One unique thing Infamous pulled in its first hour is automatically increase my difficulty to hard. I almost never play a new game on hard, but decided to leave it on this setting and found it to be just about right. I kind of wish more games would give you the confidence of increasing the difficulty automatically because most of the time we pick at the beginning and never adjust after that. There were a few times during the game where I felt like toning it down, but never even went into the menu to check it out.

Infamous Reaper Comic Book art

I liked how quickly the storytelling advanced during the game’s opening, but by the end, it almost felt like speeding through the script had hurt the game.

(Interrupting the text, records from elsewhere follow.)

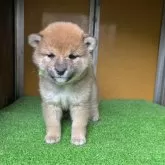 柴犬(標準サイズ)【愛知県・女の子・2025年2月28日・赤色】の写真9「生後　37日目　」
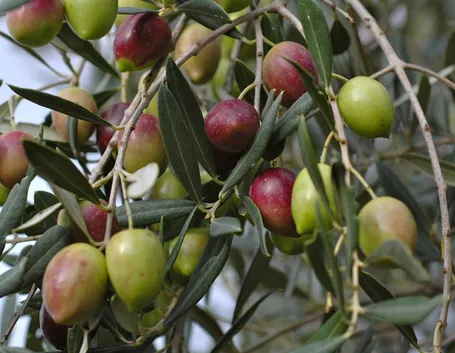 Frutti dell'albero d'ulivo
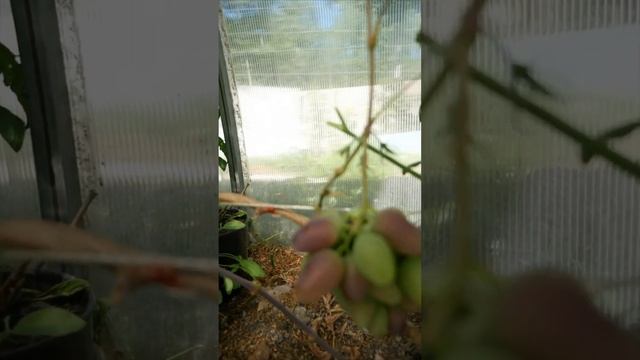 Перцовый черный виноград сигнальный урожай смотреть онлайн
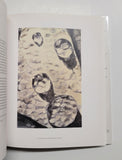 Luc Tuymans by Madeline Grynsztejn & Helen Molesworth hardcover book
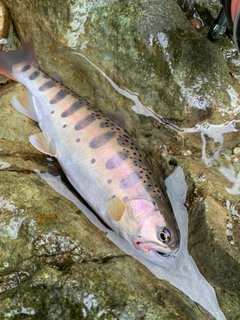 ヤマメの釣果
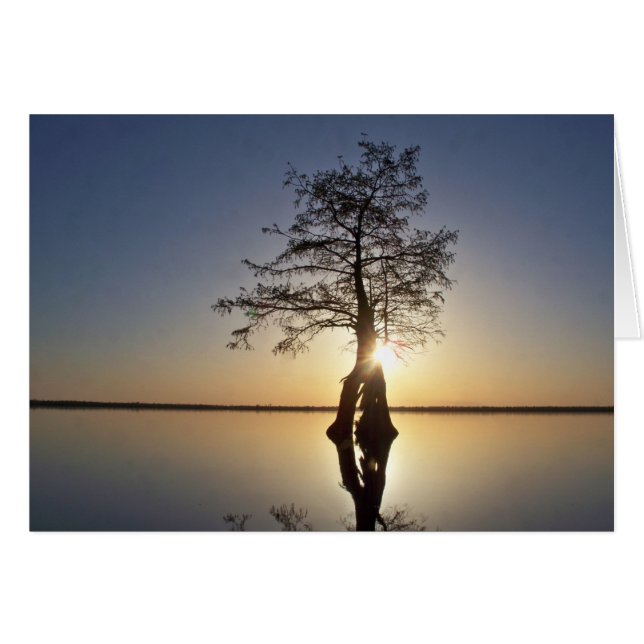 Cartão Sunset Atrás de Árvore (Frente Horizontal)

Story twists were tossed in after the final boss was slain (I called it though) and characters came and went without so much as an introduction or goodbye. The characters that were ever-present were obnoxious and any pathos they tried to generate felt false. Most of the people I felt I might have invested in only ever appeared as voices, kind of a weird situation.

Like The Saboteur, Infamous offers many little side missions to distract you, but while Saboteur had hundreds of dots scattered about the map that could mean anything, Infamous features about 80 mini-missions that help “clean” the map out of bad guys. Whenever you finish one of these quests, the city map is brought up and the enemy is supposedly cleared out of there for good. It’s really satisfying seeing their territory whittle away, but the game doesn’t seem to always respect this when it comes to enemy placement. Either way, I liked this system well enough to complete every mission in the game.

The game does have a few other downers, however. Whenever you’re forced to learn a new power, Cole has to trudge through the sewers for about 15 minutes in half-training, half-stretch-the-game-out mode. Reminds me of The Legend of Zelda: Phantom Hourglass and climbing the same tower half a dozen times. Enemies will constantly take pot-shots at you from the roofs of building where hitting them back can be very tough, so most of the time you're ignoring these deadly bad guys shooting people on the street, doesn't feel right. And finally, the final boss is just a train wreck of design issues. It’s absolute chaos that rewards random luck over skill and precision. Bleh, not a great way to finish the game.

Overall: 8

Infamous stumbles a bit when it comes to story and boss execution, but the gameplay is great and that’s pretty much all I care about in the end. Thanks to Nate for suggesting I play this next in my PS3 game queue, and thanks to Sucker Punch for making a fun and atypical open world action game.